### Aim of the exercise
Keep the wording of every entry intact in your copy, and omit the pictures.

### Information given

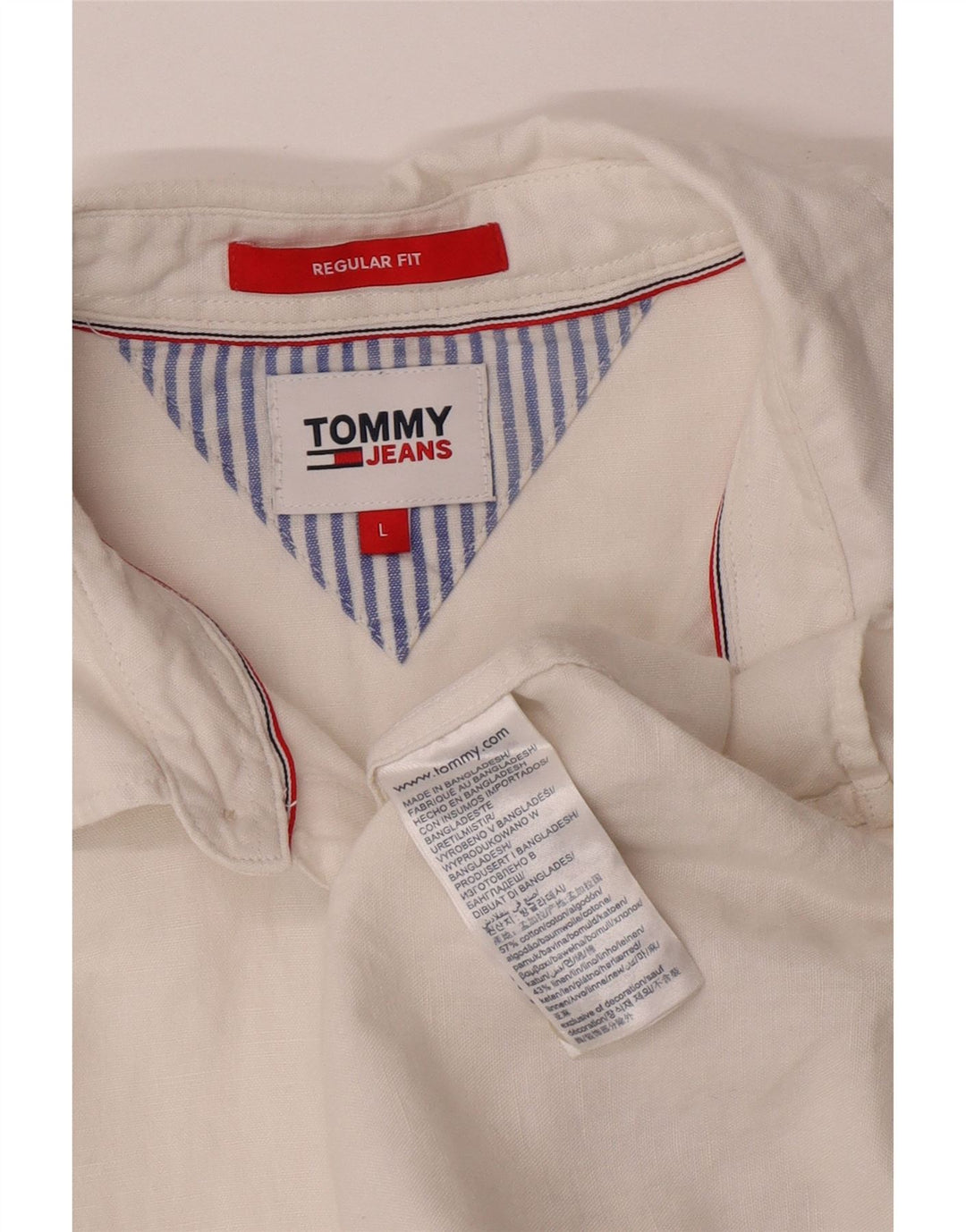 Tommy Hilfiger Herre Regular Fit skjorte Stor hvid bomuld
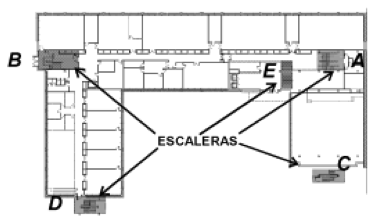 Edificio e identificación de escaleras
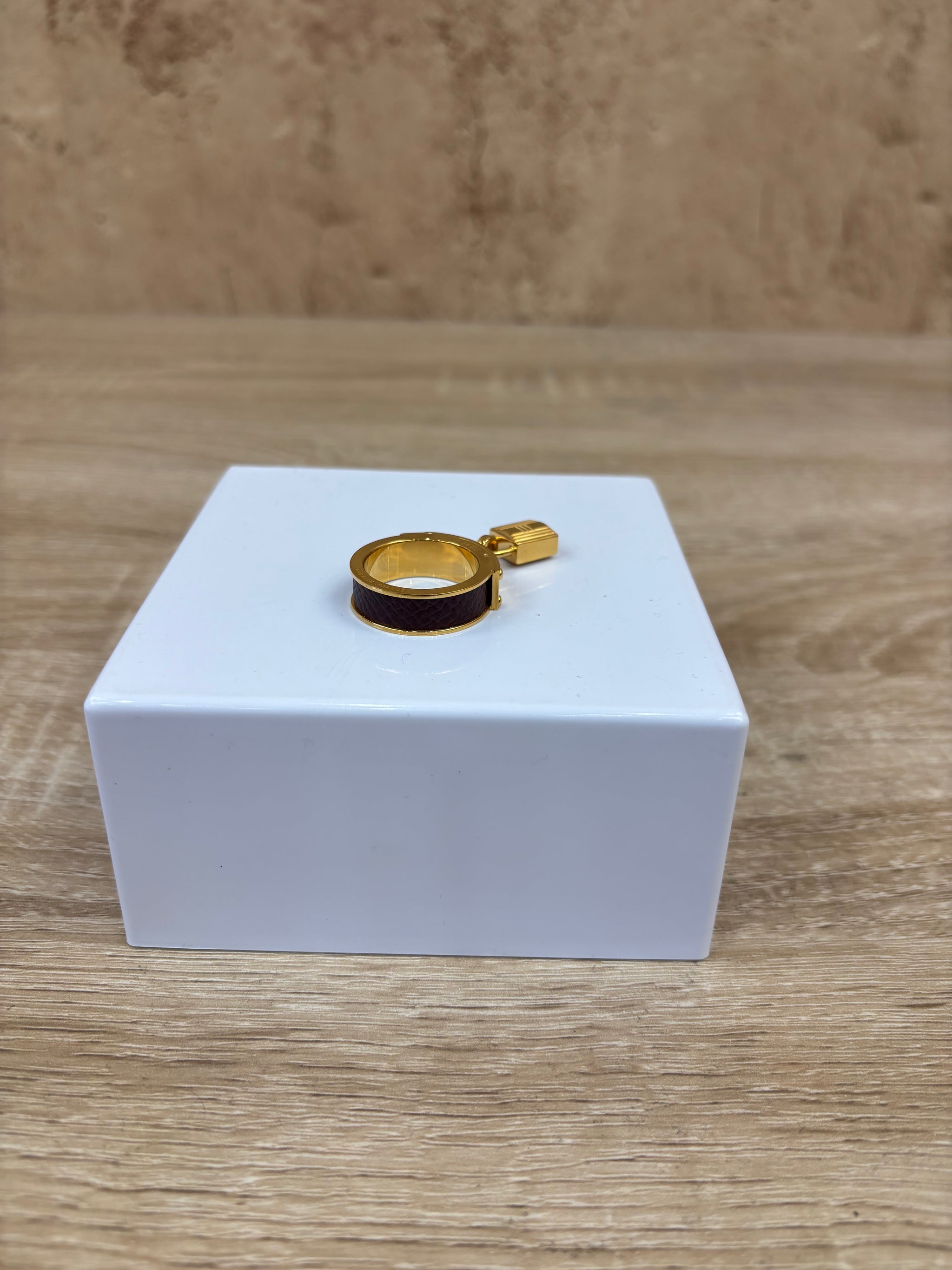 Hermes Gold And Brown Leather Kelly Lock Scarf Ring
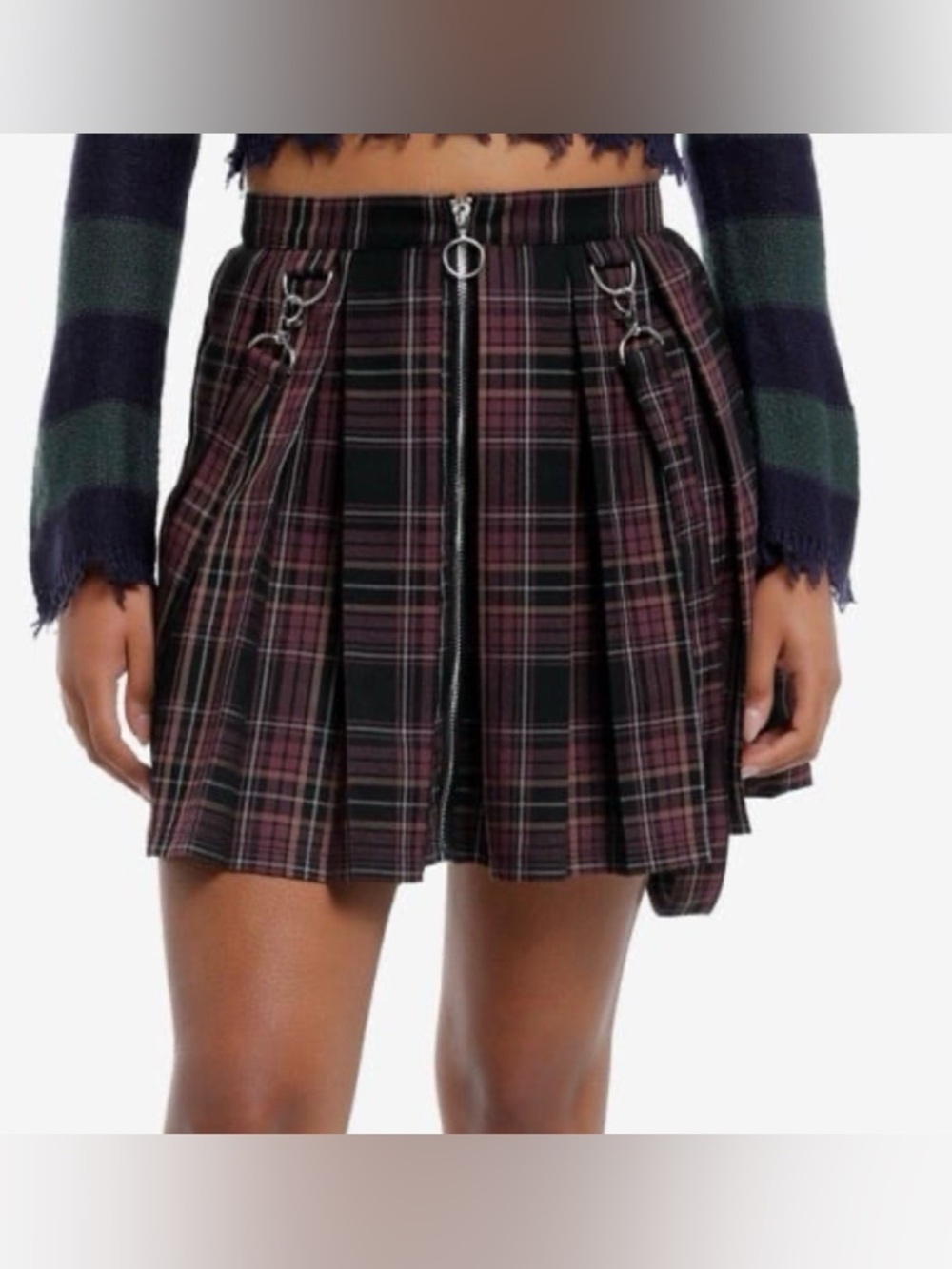 Social collision Black & Purple Plaid Zipper Suspender Skirt Hot Topic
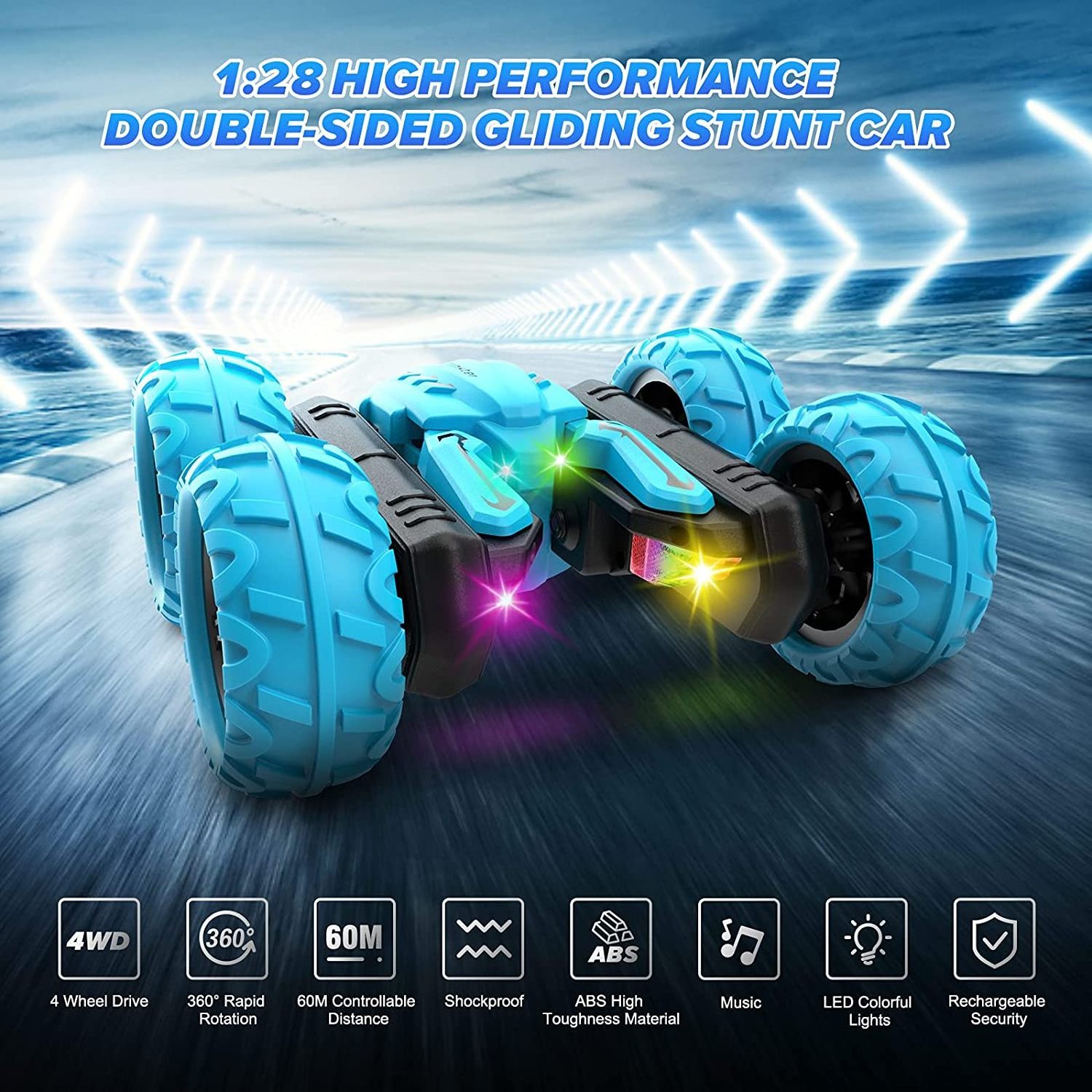 Remote Control Stunt Cars RC Monster Stunt Car Truck Toys 360 Rotating Flip with Music LED Outdoor Toys RC Drift Car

### Your response
 Tommy Hilfiger Herre Regular Fit skjorte Stor hvid bomuld
 Edificio e identificación de escaleras
 Hermes Gold And Brown Leather Kelly Lock Scarf Ring
 Social collision Black & Purple Plaid Zipper Suspender Skirt Hot Topic
 Remote Control Stunt Cars RC Monster Stunt Car Truck Toys 360 Rotating Flip with Music LED Outdoor Toys RC Drift Car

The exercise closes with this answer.